Stratford man honored for chronicling Dr. Martin Luther King Jr.'s Connecticut history

As America celebrates the legacy of Dr. Martin Luther King, Jr. this weekend, a man with ties to King's family explains the role Bridgeport played in King's extraordinary journey as a civil rights leader.
Sit down with 68-year-old Donald Smart, of Stratford, and you'll be talking with a man of many surprises.
The Harvard-educated attorney was a professional basketball player for one year and was once featured on the cover of Ebony Magazine. In 1996, he played an FBI agent in John Grisham's legal film drama "A Time to Kill" starring Sandra Bullock.
But Smart said what he's proudest of is the real-life role he plays as amateur historian specializing in Martin Luther King, Jr. and the time he spent in Bridgeport.
"Many people do not realize that Dr. King spoke here at Lyon Terrace, when it was then Central High School," Smart said. "And Dr. King also spoke at the Klein Memorial Auditorium in March of 1961. And then, in 1964, Dr. King came here to the University of Bridgeport. By that time he had catapulted to international acclaim."
Smart has photos that show King during those visits to Bridgeport.
"As a matter of fact, Martin Luther King visited Bridgeport at least five times in the early 60s," Smart said. "And the opportunity he received in Connecticut is what contributed to his development as a civil rights champion."
Smart met with Sen.
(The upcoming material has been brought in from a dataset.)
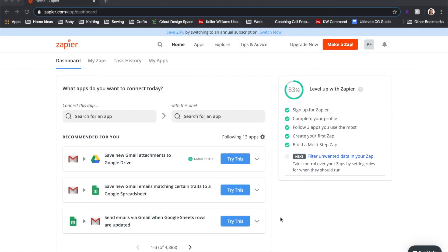One of the downsides to Command right now is that when we run Facebook marketing campaigns and get leads, if you're on a team there's no real way to round robin or route those leads in Command yet. I have heard that at Family Reunion — in less than a month — there will be an option for team lead routing, but it's not working yet.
Richard Blumenthal Saturday, who honored him this holiday weekend for his efforts to help build awareness about the role Bridgeport played in the life of King.
"And now he is using those experiences to show us how Martin Luther King's journey can inspire and move us all," Blumenthal said.
A man who's spent a lifetime surmounting barriers wants kids around here to know they have a special connection to King.
"William Faulkner was correct. The past is not dead. It's not even passed, but you still have to remember it," Smart said.
Smart added that he was honored to work closely with King's family when he practiced law in Atlanta.